Seniors for Civility

July 26, 2011

“The older you get, the harder it can be to deal with change,” said Gene Aronowitz, a 73-year-oldSunset Park resident who regularly uses the new bike path to do his shopping in Park Slope andkeep himself healthy and mobile. “But the redesign of Prospect Park West is a change for the better. I invite my fellow seniors to join me for a bike ride and sign up for my new Facebook group, Seniors for Civility. Prospect Park West is a safer, more inclusive street for everyone, youngand old; by two-wheels, four-wheels or by foot.”

Brooklyn needs more Seniors for Civility like Gene.  He’s intelligent, reasonable and adept at Facebook.  Many thanks to Gene, as well as the newly formed Neighbors for Better Neighbors, for injecting a little sanity into what has become an utterly insane year in Park Slope and in New York’s move toward a safer, more livable city.

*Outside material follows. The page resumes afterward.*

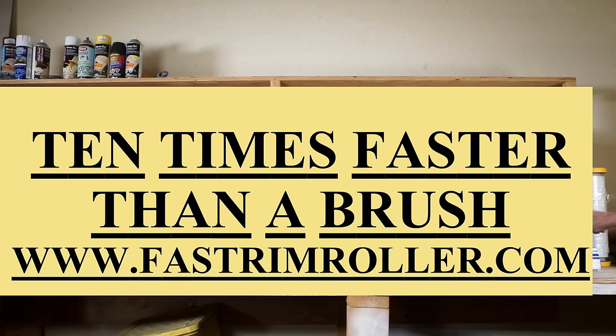The Fast-Trim Jumbo Mini Roller Paint Edger — the next generation of paint edgers.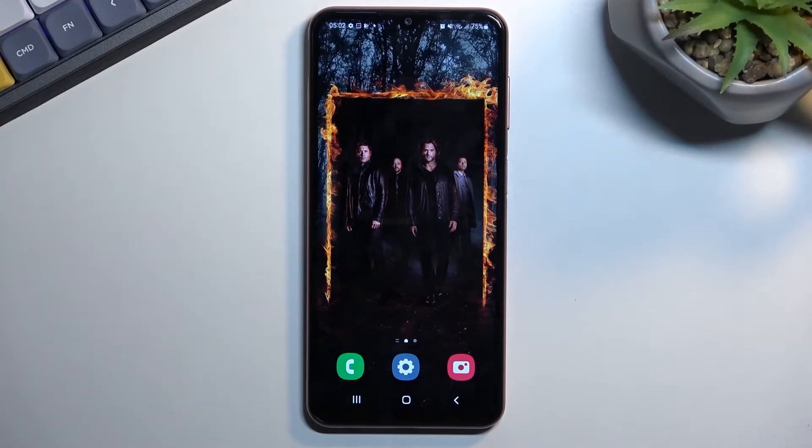Welcome. This is a Samsung Galaxy M13 and today I will show you how we can enable the power saving mode on this phone.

Clang Clang Clang Went the Trolley

July 25, 2011

Susan Kille posted this picture to Twitter over the weekend and it’s a great one.  The current onstruction on Grand Army Plaza briefly exposed a set of old trolley tracks at the top of Union Street.  If a picture is worth a thousand words, then this was a real-life example of the ever-changing nature of our borough’s streets.  By the time I rode up to the park on Sunday morning, the tracks were already covered over by the gravel seen piled to the left.

You can see Brooklyn trolleys in action in this vintage footage from the 1930s.

Friday Fun: Prince on a Bike

July 22, 2011

That’s the Purple One riding a bike after a concert at the LA Forum.  Who will be the first to complain that he wasn’t wearing a helmet?